BE ON NOTICE that the Guyanese people are going to be looking for much more than high-browed speeches crafted by your PR experts and delivered in oratorical styles designed to attract the applause of the House. It’s the PEOPLE’S PARLIAMENT! Remember? So LETS TAKE THE PARLIAMENT TO THE PEOPLE! Glue us to our radios and our TV’s with combative settings of the National Assembly. PUT THE OTHER SIDE ON THE BACK FOOT FOR A CHANGE! Remember they have grown used to playing FRONT FOOT CRICKET. So ‘bless dem up’ with some good, short-pitched bowling al la Andy Roberts from time to time. As the English cricket commentators love to say: KEEP THEM HONEST!
LISTEN UP David and Khemraj! This business of TAKING PARLIAMENT TO THE PEOPLE is deadly serious business. You know as well as we do that for the longest while the people of this country have treated the National Assembly as though it were A SEPARATE REPUBLIC. Well here’s your chance to close down THE INDEPENDENT REPUBLIC OF THE NATIONAL ASSEMBLY! Here’s your chance to ensure that the chairs in the House cease to be recliners for MP’s LIKE Sam Hinds and Clement Rohee to nod off for hours and to be awakened from their slumber at the end of long boring debates just to vote Bills into law. Give us an undertaking that The SLEEPERS WILL SLEEP NO MORE. Give us an undertaking that there will be DING DONG TUSSLES in the National Assembly and that the vacuous, half-baked presentations by the peripheral MP’s will come to an end. Let’s have cogent, well thought out arguments and let the better arguments prevail for a change.

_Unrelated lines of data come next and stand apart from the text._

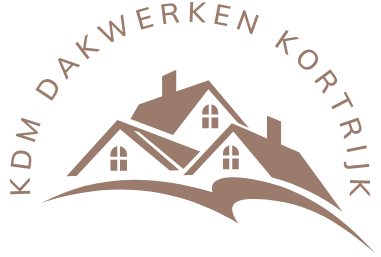 Logo van KDM Dakwerken Kortrijk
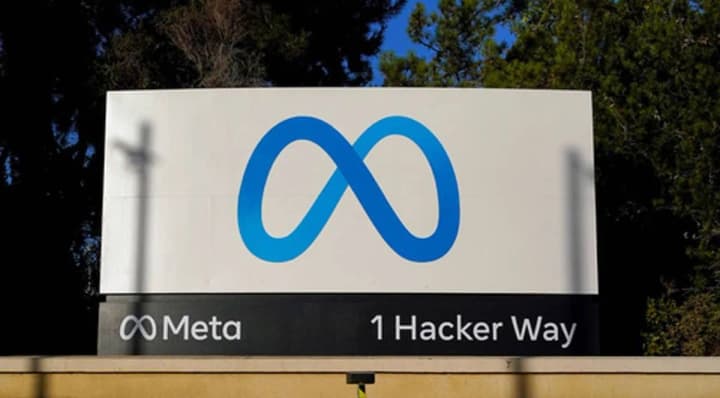 Meta и Техас заключили сделку на $1,4 млрд по делу о распознавании лиц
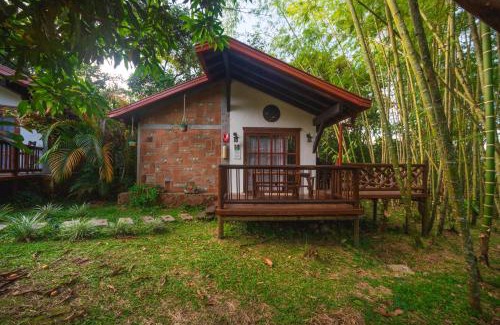 San Rafael Hotel | MANANTIALES DEL CAMPO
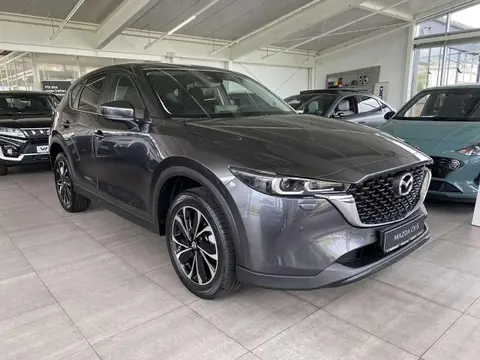 Annonce MAZDA CX-5 Hybride 2024 d'occasion 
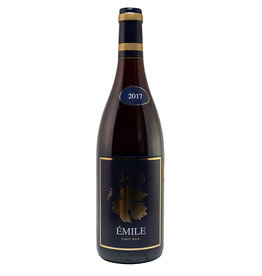 Vigna Vigna -  Pinot Noir Emile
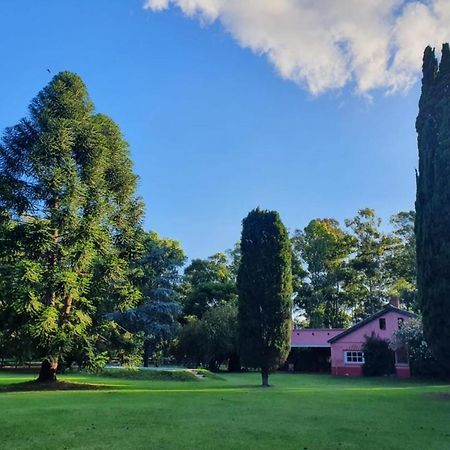 Quinta Maria Villa Lobos Bagian luar foto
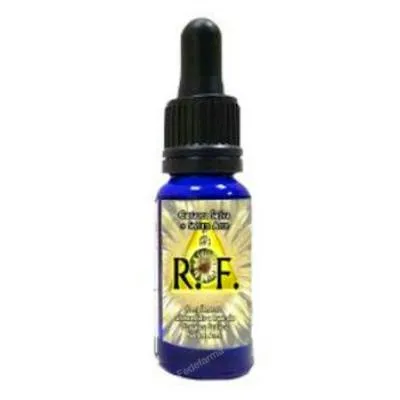 Remedio para dejar de fumar esencia triunidad 15 ml, Phytovit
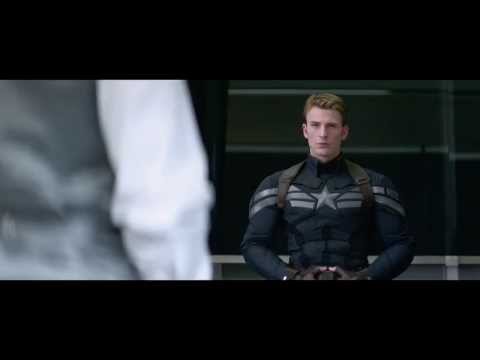 Captain America 2 : Le soldat de l'hiver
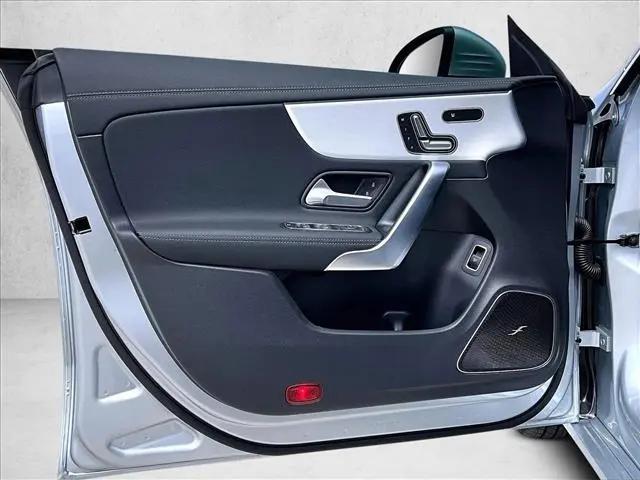 2026 Mercedes-Benz CLA 250 CLA 250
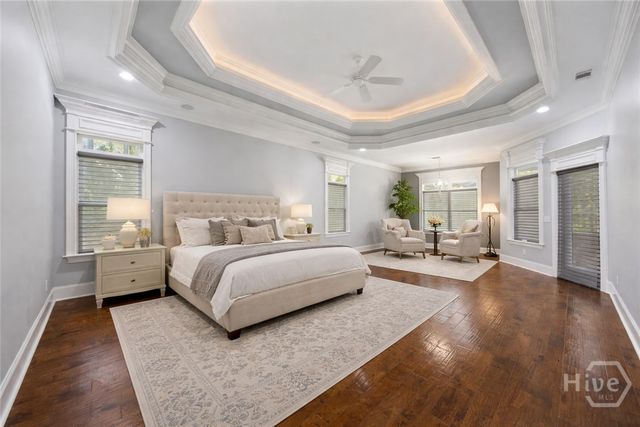 1913 Saint Catherine Circle, Richmond Hill, GA 31324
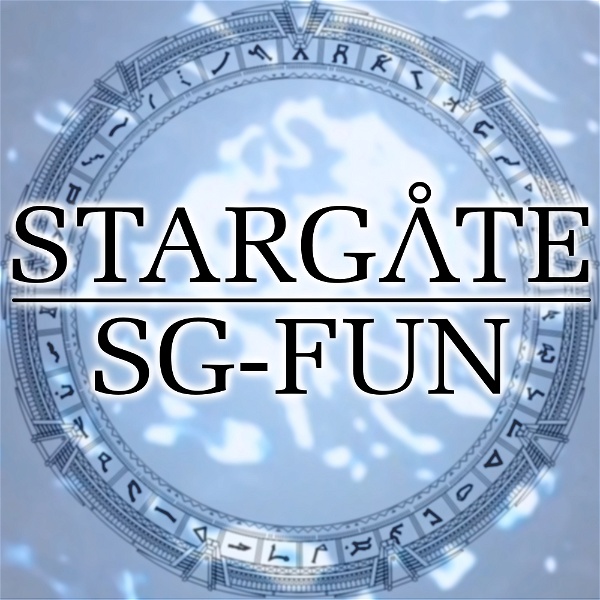 Artwork for Stargate SG-Fun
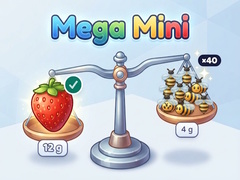 Juego Mega Mini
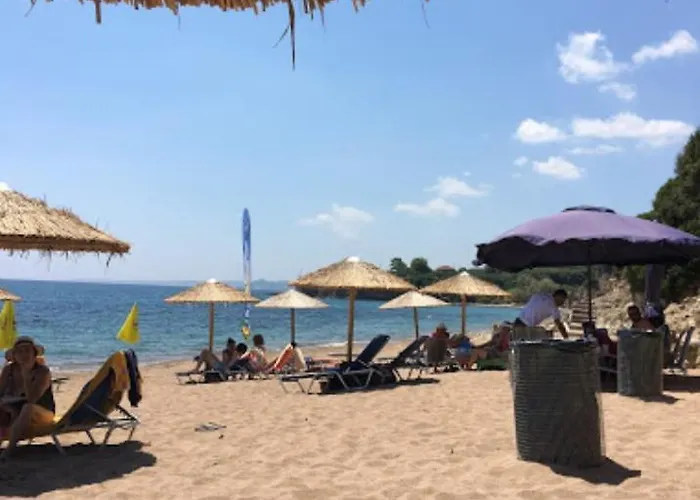 Village Holidays - Chelonaria * Chrani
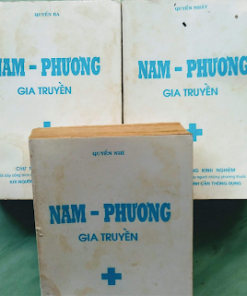 Nam Phương Gia Truyền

But that’s not where TAKING PARLIAMENT TO THE PEOPLE ends. You have to hit the road. Let the MP’s put their speeches and their duty-free cars and their suits and ties aside and fan out across the country. Let them go to places where the potholes in the streets number in their hundreds; where a drizzle brings floods; where single women with numerous children live in one-room spaces; where water hasn’t come through taps in years; where small boys play cricket on the streets because they have no place to play; where schools close when lil rain falls and where mosquitoes devour people in high day time. Let them embrace the words of Walter Rodney and “ground” with the people; and let them remind the government and the whole nation that while the state media goes on parrot fashion about economic development and the imminent discovery of oil and the promise of an El Dorado and how One Lap Top Per Family will transform the nation, there is a seamier side to this Republic; that thousands of people still live in conditions of purgatory. Let your MP’s give the people undertakings that their predicaments will be shouted to the high heavens in the National Assembly…….. AND THAT THE GOVERNMENT WILL BE MADE TO LISTEN AND TO ACT. That way there will be a connection between Buxton and Parliament; between Little Biaboo and Parliament; between Kwakwani and Parliament and between the Pomeroon River and Parliament.
It’s either you do that or you forget about this business of being a parliamentary opposition. Remember fellas. You are temporary servants of the Guyanese people; not United States Supreme Court Judges. This is not a lifetime thing!